Not as often, but still with some frequency, kids' authors make the jump to adult titles. I think it doesn't happen as much because it doesn't often work. I've thought of Judy Blume. Who's on your list? (I thought of Meg Cabot and Meg Rosoff so far. Francesca Lia Block? It's hard to come up with a clean jump that led to both readership and critical acceptance. Compare that to Carl Hiaasen or Sherman Alexie.)
Of course Grove's Black Cat was not thinking of Wifey when they published Gabrielle Zevin's The Hole We're In, but in some ways, this is not a totally unfair comparison. Though I read that book many, many years ago, I remember it as a tale of marital dysfunction, and that's what this is too.
The twist in Zevin's novel is that the family are evangelical Christians of a variation she labels "Sabbath Day Adventists." I checked--there's no such thing. Very smart on her part.
Roger Pomeroy is a school administrator who decides he's going to go to grad school, only he doesn't really have the money for it. No problem, except for the money part. And Roger gets into more hot water when his faculty advisor takes a liking to his thesis and decides she'll too whatever it takes to get Roger to agree to a book project, with her getting top billing of course.
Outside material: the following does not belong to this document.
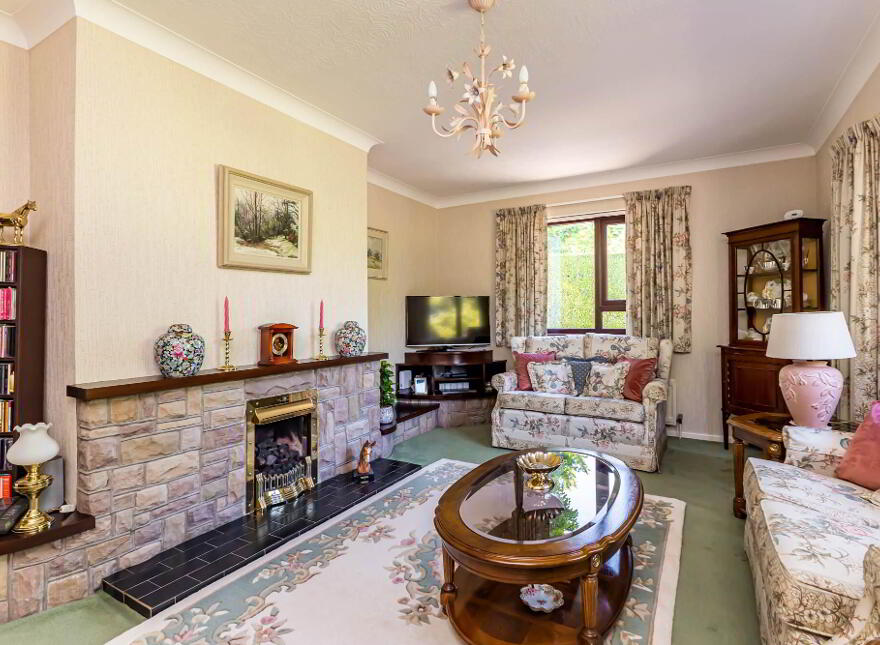 18 Whinney Hill, Lisburn, BT28 3UZ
Ugh, money. It seems that mom Georgia and eldest daughter Helen vie for who can spend the most money they don't have. Helen would like a flash wedding and knows it's gauche to have the husband's family help pay. Their son Vinnie escapes by going to Harvard, though his mail still comes to the house--important plot point. And their youngest Patsy? She winds up with the most collateral damage, especially when the parents send them to her fundamentalist paternal grandmother back in Tennesse. With non-Christian college out of the equation, there's little she can do to break out of this family prison and settle her own debt issues. Oh, and did I mention that the Sabbath Day Adventists are also pacifists?
Zevin manages some interesting twists in perspective, and nicely captures the real estate boom and bust in the setting. For some reason, I suspect that there's little spark of connection to Zevin's own life in the story; it would be interesting to know if she'd flirted with any non-mainstream religious denominations.
Get it? It's a financial hole and a spiritual hole. And the young adult pigeon-hole?
I recommend The Hole We're In for the March 2010 Indie Next brochure. I'll link to the entire list once it's up. The novel is now in store, a paperback original with my beloved French flaps.
***
addendum--Dave, the buyer from Next Chapter, reminded me that Gabrielle Zevin previously wrote Margarettown, an adult novel that I actually had on my pile to read. Yeeks--so depending on the order, she could be actually an adult writer who then jumped to YA instead of the other way around.